Keto dieters are irresponsible stewards of the planet - says Harvard nutrition 'expert'


#41

You make a good point about which animals’ lives are we going to take and how humanely. I wasn’t actually thinking of the animal rights issue - nobody likes the idea of killing animals without reason. It’s funny how some animals seem more sacred than others, though. I know lots of vegetarians who are sometimes pescetarian because the idea of killing fish just doesn’t seem like that big of a deal compared to killing a cow, for example. Weird!


#42

I’m curious, too, where vegetables get their nutrients from? I mean…we kind of assume they make them, right? But wouldn’t some of those nutrients come from the soil, which ostensibly is fertilized by animals?


(Ron) #43

I didn’t read all the posts on this thread so I apologize if this has been addressed.
I am curious about this -
“cow manure is a major part of that equation, as it releases large amounts of climate-changing nitrous oxide and methane into the air.”

“Diets that are rich in plant-based food emit lower greenhouse-gas emissions”

What do you suppose these people think cows eat? As far as I know , cows consume a plant based diet. :confused:


(Bacon is a many-splendoured thing) #44

Plants assemble cellulose and other starches by absorbing water from the soil and taking in carbon dioxide from the air. The minerals and other nutrients they contain have to come from the soil. There is a magnesium atom at the center of every chlorophyll molecule, for example, and if the soil is depleted of magnesium, the plants cannot thrive. Not to mention the fact that our whole oxygen/carbon dioxide cycle requires enough animals to produce carbon dioxide for the plants, so they can vent oxygen into the atmosphere for the animals to breathe so they can . . .

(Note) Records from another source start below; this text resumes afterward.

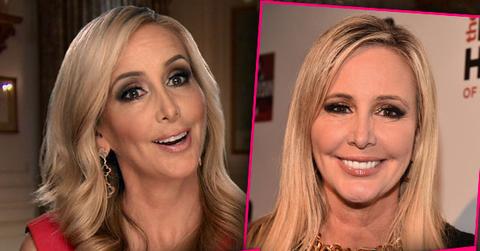 //Shannon Beador Plastic Surgery Fillers Botox Nose Job pp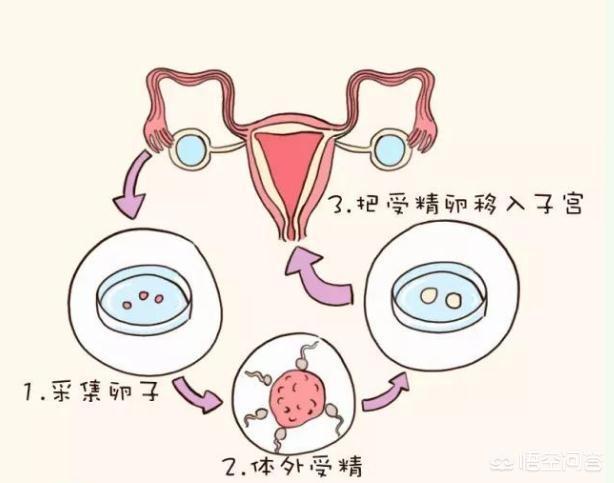 济南代怀孕捐卵有哪些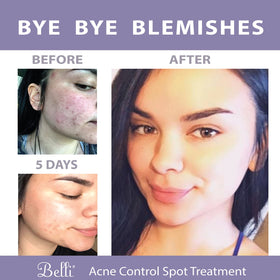 Belli spot treatment applied during skincare routine demonstrating targeted overnight use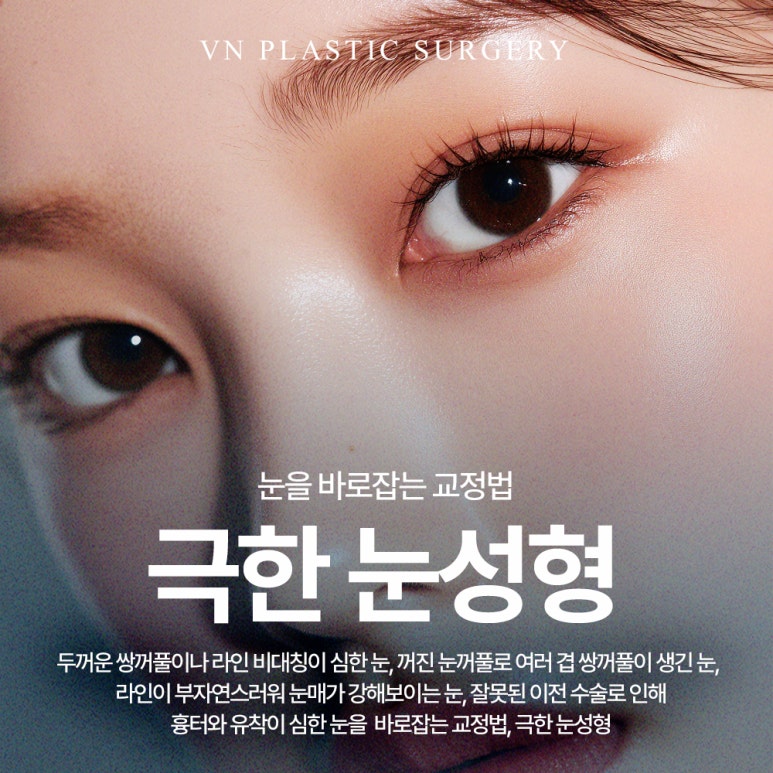[강남/신논현 브이엔성형외과] 극한눈성형, 다시 찾는 자연스러운 눈매 관련 이미지 3
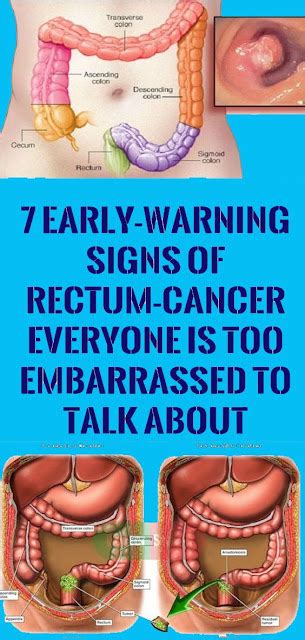 don t ignore these 6 signs that may indicate anal cancer healthy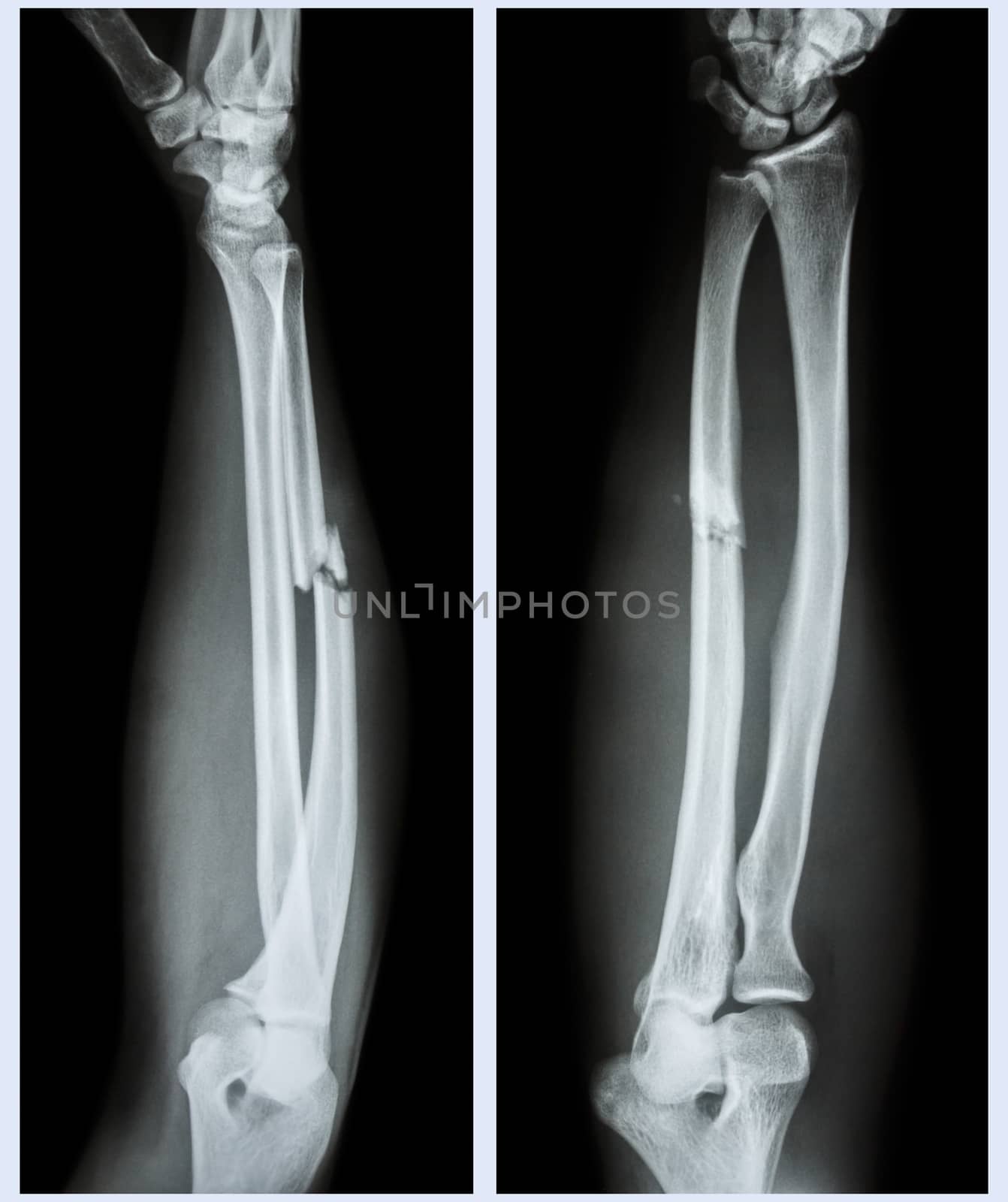 X-ray forearm ( front , side ) : Comminuted fracture shaft of ulnar bone ( forearm bone )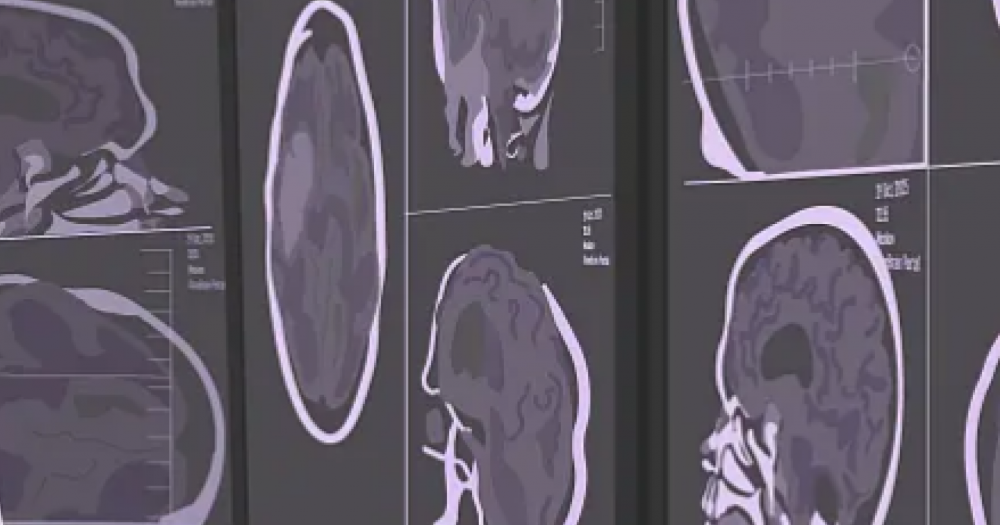 Фонд Хабенского перезапустил портал об опухолях мозга Oncobrain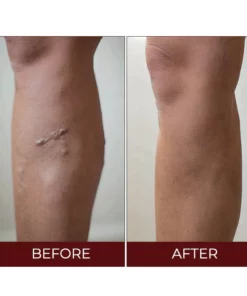 Oveallgo™ Varicose Veins Relief Cream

(Bacon is a many-splendoured thing) #45

That line about cow manure is nothing but . . . cow manure. The extraction, refining, and combustion of fossil fuels accounts for 33% of methane emissions. Other human sources account for a further 4%. The methane emissions of cattle are about 27% of methane emissions. Other natural sources account for the remainder of methane emissions (around 35%). Since the grasslands would all die without ruminants to graze them, killing off all the cattle, buffaloes, bison, etc., would cause a massive release of carbon that is currently sequestered. I doubt that’s really the way we want to go. The dust storms of the 1930’s in the American Southwest after the bison had mostly been exterminated were a terrible experience.


(Edith) #46

I’m currently reading “The Vegetarian Myth” which discusses at lot of what we are discussing in this thread. Unfortunately, the author diverges from the topic every so often and writes a little too impassioned for me, but much of the information about how destructive modern farming is to the environment has been really eye opening for me. I am definitely going to be making some changes to some of the things I do and buy as a result.

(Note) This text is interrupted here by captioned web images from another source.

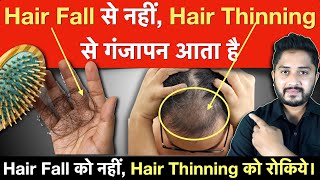 Hair Fall से नहीं, Hair Thinning से गंजापन आता है॥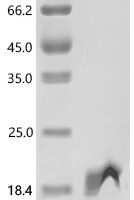 Human Cyclin-dependent kinases regulatory subunit 2 (CKS2) Recombinant Protein - BioCrest Sci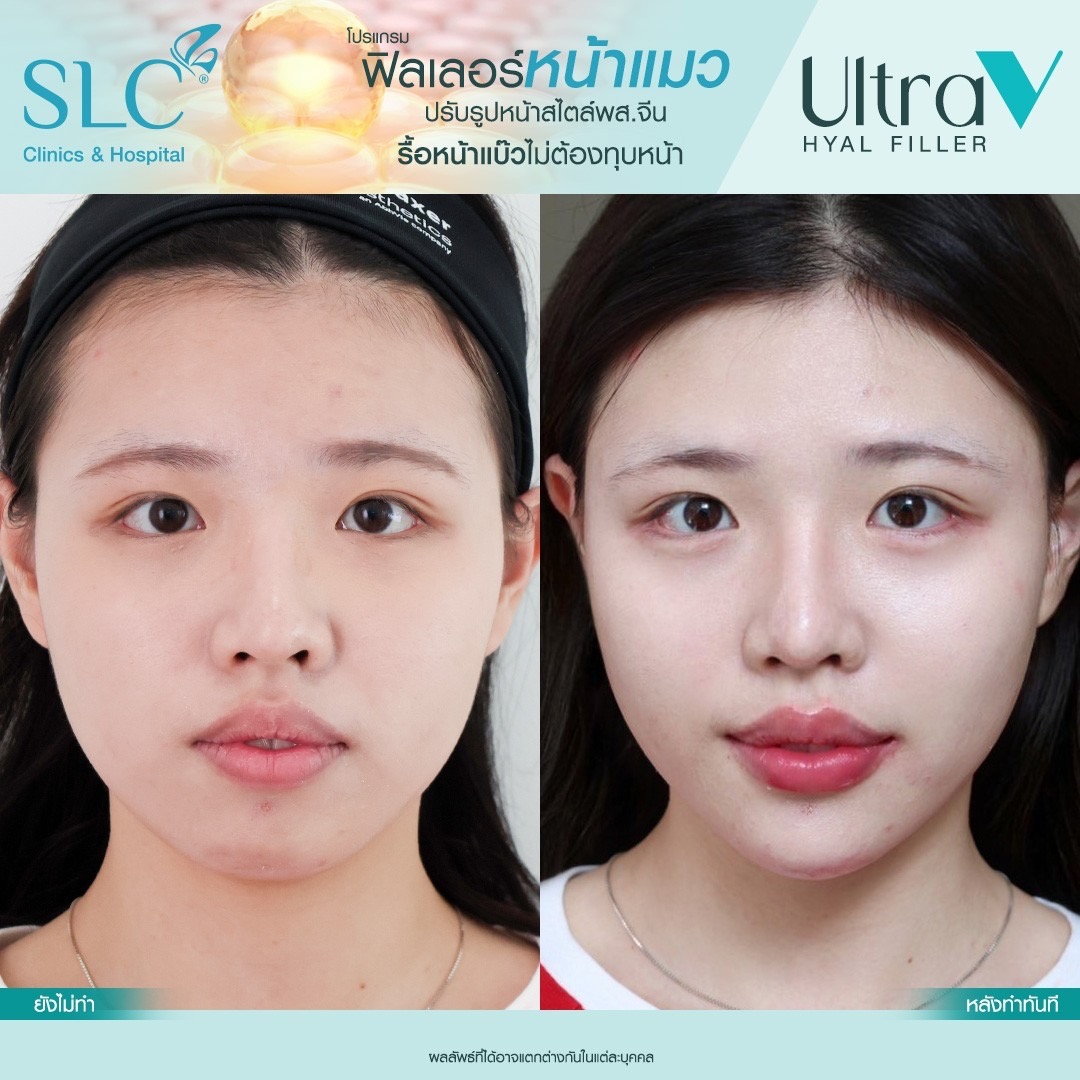 Ultra V Hyal Filler, ฟิล พส จีน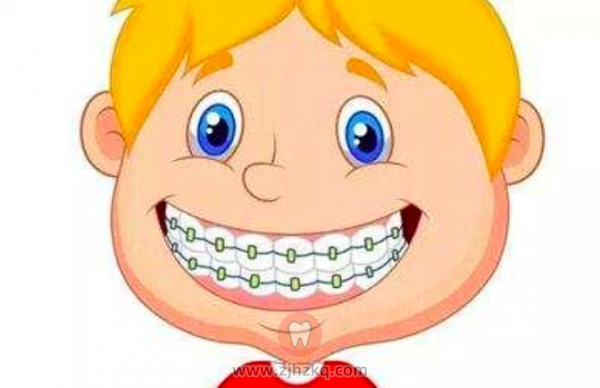 杭州儿童牙齿矫正最佳年龄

(Michael - When reality fails to meet expectations, the problem is not reality.) #47

This is well worth a listen:


#48

YES!!!

Ruminants also help restore land that’s been microbially destroyed - just by wandering through and plonking it with dung. Takes much longer to restore than the marginalized grasslands though.


#49

That sounds like compassionate, humane practice to me!

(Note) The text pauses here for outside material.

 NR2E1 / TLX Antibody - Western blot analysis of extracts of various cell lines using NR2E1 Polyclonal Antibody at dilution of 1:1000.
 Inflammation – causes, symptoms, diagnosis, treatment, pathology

I learned about the industrial slaughtering terror-based adrenaline and general cruelty by large slaughtering facility herders a long time ago, but the animal stewardship angle is rarely mentioned in food discourse.

The largescale slaughtering has been changing, thanks in large part to Temple Grandin’s work (I believe all of some intl burger chains’ meat comes from animals now slaughtered in the Grandin way) - but I think it still has a very long way to go to get as humane & sane & sustainable as you describe your smallscale farming practices to be. Godspeed!

Before I eat meat or any animal products I take a breath and close my eyes and aspire to get in the gratitude zone to visualize the eyes of the living creatures, and thank them and all their mothers, and ask for their forgiveness for harvesting their life or their milk/eggs - and welcome them to live on in me for the highest good. I also really appreciated how Nina Teicholz wrote about the ethical reality and spiritual dimension in the one page appendix in her scholarly tome The Big Fat Surpsie.


(Shelly) #50

I get that… but we eat way less than folks on “normal” diet. Heck, many of us eat only one or two meals a day and many folks fast frequently. There’s plenty of keto eaters that are vegetarian even.


(Jane) #51

Exactly. Kinda my point about people going back to eating like they did in the 1940’s. Simple foods, saturated fats, not eating constantly and no snacking. That alone would cut down on the environmental impact. Throw in fasting and it reduces it even further.


#52

I’m sick of folks (Harvard) or otherwise with simplistic opinions, that understand NOTHING about agriculture, don’t know the difference between ‘arable land’ (croppable) and ‘agricultural land’ which includes range and less-dense forest (that will support animals but not crops), have NO understanding of how the broad acre mono crops they live on are destroying soil and are utterly dependent on fossil fuel derived fertilisers and … Good intentions are not enough, people. Saving the fluffy bunnies is not enough. Learn something about the subject before you judge meat eaters. And fundamentally, there are. Too. Many. People.